Pretium, the largest private owner of single-family homes run by former Goldman Sachs mortgage executive Don Mullen, landed a bulk purchase of 4,000 homes — many already rented — from builder DR Horton, according to Bloomberg. And Barry Sternlicht's Starwood Group has begun exploring a sale of 2,000 of its homes, ostensibly to capture the strong demand for its properties as it deals with investor redemptions.
There are chances that today's deals are opportunistic — or potentially out of necessity from funds needing "liquidity" — and not the beginning of a new heyday for buying homes in bulk. But to two experts that see the inquiries, there's little doubt that slumbering investors are waking up.
"Over recent weeks we do seem to be experiencing a bit of increased market activity," in terms of deals trading and investors making inquiries about funding deals, Gary Beasley, CEO of the single-family rental trading website Roofstock, wrote to Insider on Saturday. The company, which was valued at nearly $2 billion last year, says it has facilitated more than $5 billion in deals.
Avenue One, a single-family rental asset acquisition and management firm that just raised $100 million to expand its marketplace, is getting more inquiries about what's available, said Allison Arest, head of the company's marketplace. One client who'd gone dark on purchases, and had begun paring their portfolio, recently asked to start seeing portfolios of homes again, she told Insider on the sidelines of the IMN gathering.
"We're on the precipice," she said. "For the first time in a long time, I feel as if the majority of the participants are a bit more optimistic."
The case that things are getting better
The fog that has enveloped the industry has begun to lift, said people privy to deals, or at least talk of deals. Topping the "positive signals," according to Beasley, are signs that inflation is easing and a break — at least for now — in Federal Reserve interest rate hikes.
Second, the threat that homes would be worth less a month after they were purchased is lifting, said Beasley, noting that investors feel that "prices have likely stabilized."

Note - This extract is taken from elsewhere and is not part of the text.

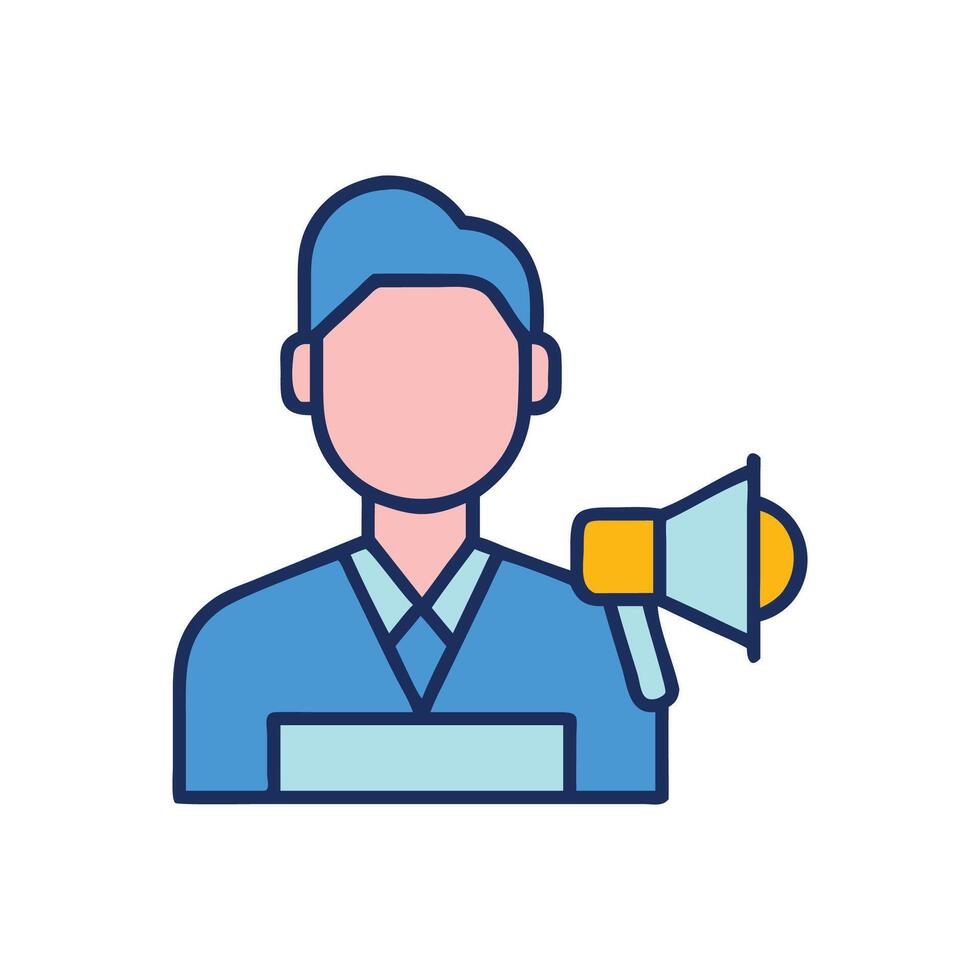 Man icon with megaphone isolated on black background vector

Because of America's housing shortage, home price declines were moderate or never happened at all, especially in the Sun belt and Southeastern markets favored by institutional landlords. Nationally, home prices only dropped 5.1% from June 2002 to January 2023, according to the S&P CoreLogic Case-Shiller Home Price Index. According to Morgan Stanley's chief economist, Ellen Zentner, prices should only drop 2% this year.
An observation by the Fed chief himself injected optimism into the broader financial markets. Housing appears to have hit its bottom and is "maybe moving up a little bit," Fed Chair Jay Powell told reporters earlier this month.

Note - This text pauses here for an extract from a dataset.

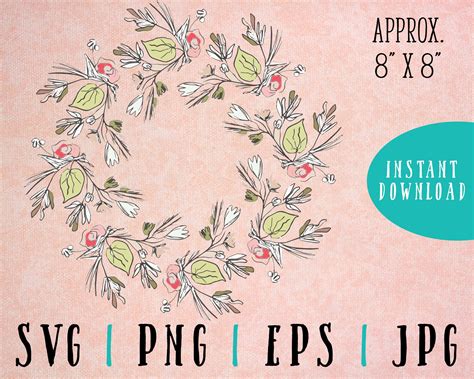 Wreath Clip Art Eps Svg  And Png Digital Download Etsy Hong Kong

It could take many more months before landlords are comfortable with the new home price and interest rate environment, however, said Henchman LeMaistre, president and co-founder of institutional single-family rental property management firm Picket Homes.
"Honestly, it feels like everybody's just trying to kick the can right now until they can figure out inflation and rates," LeMaistre said.
But Picket's own investors are spending: the firm just raised $20 million to help grow its business.